ABOUT THIS EXERCISE:
Skip the pictures. Output only the lines below starting at the line with "Junior high students" and ending at the line with "A full manuscript", both ends included, exactly as they are.

GIVEN RECORDS:
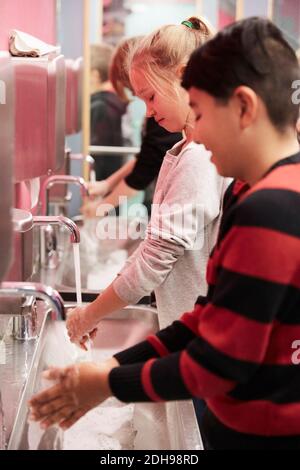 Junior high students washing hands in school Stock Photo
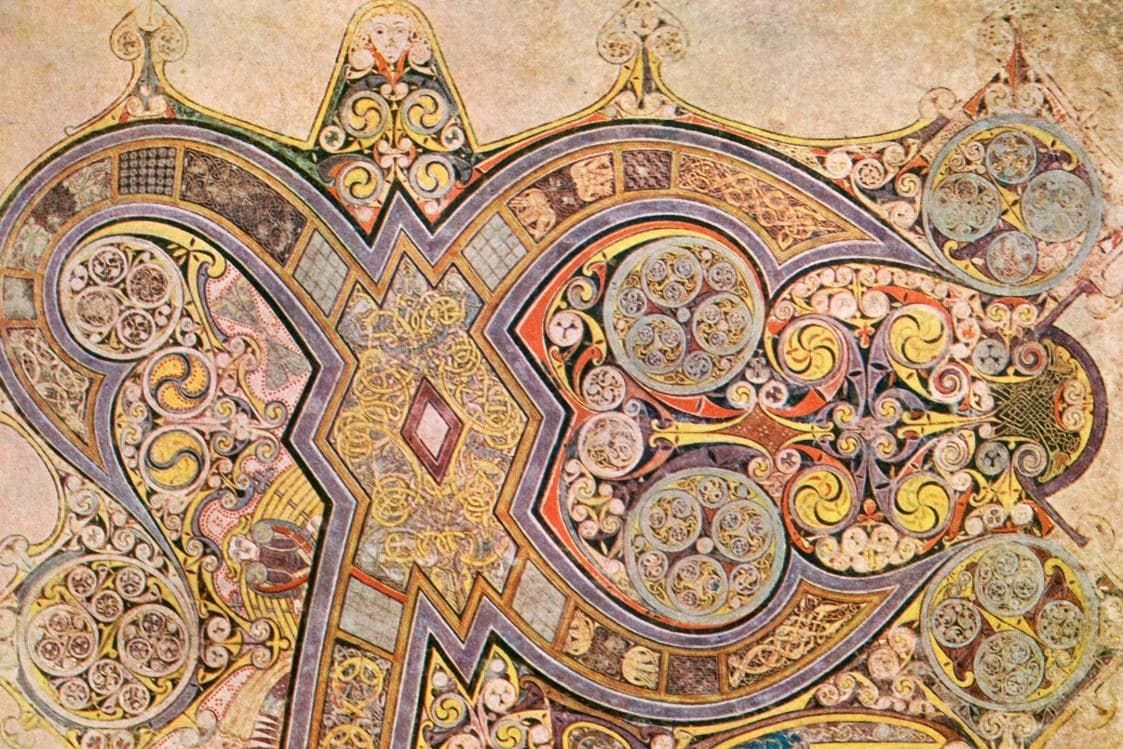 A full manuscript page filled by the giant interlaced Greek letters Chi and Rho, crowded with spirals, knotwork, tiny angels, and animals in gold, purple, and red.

--

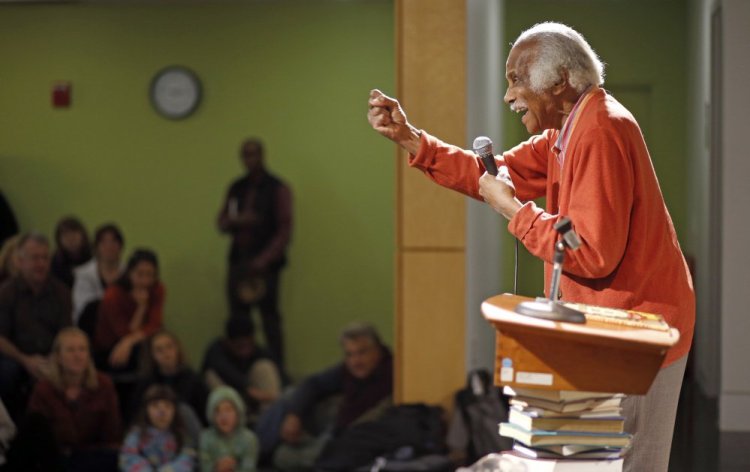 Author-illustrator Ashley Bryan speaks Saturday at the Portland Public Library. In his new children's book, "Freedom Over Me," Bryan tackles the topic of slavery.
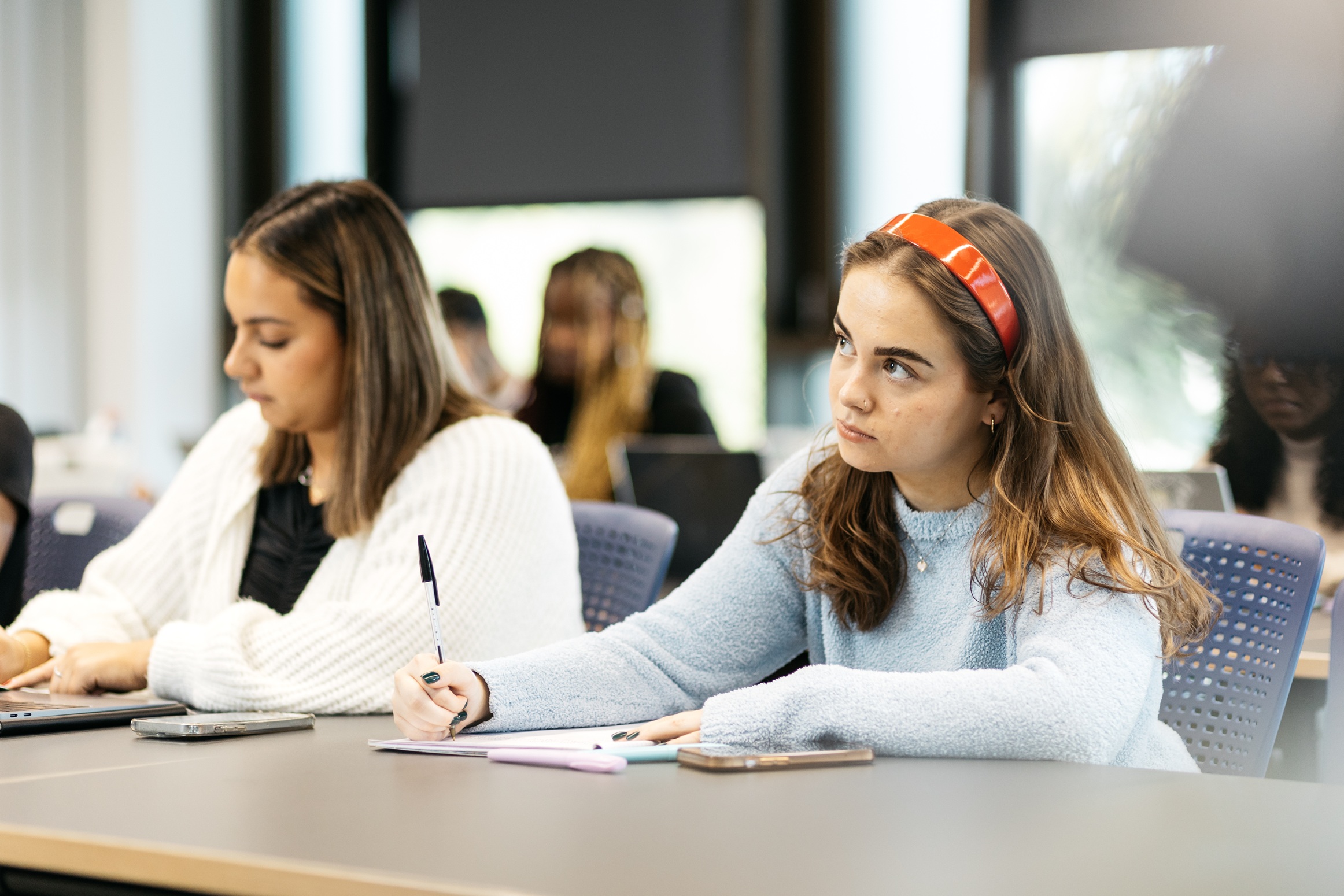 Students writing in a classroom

WRITTEN REPLY:
 Junior high students washing hands in school Stock Photo
 A full manuscript page filled by the giant interlaced Greek letters Chi and Rho, crowded with spirals, knotwork, tiny angels, and animals in gold, purple, and red.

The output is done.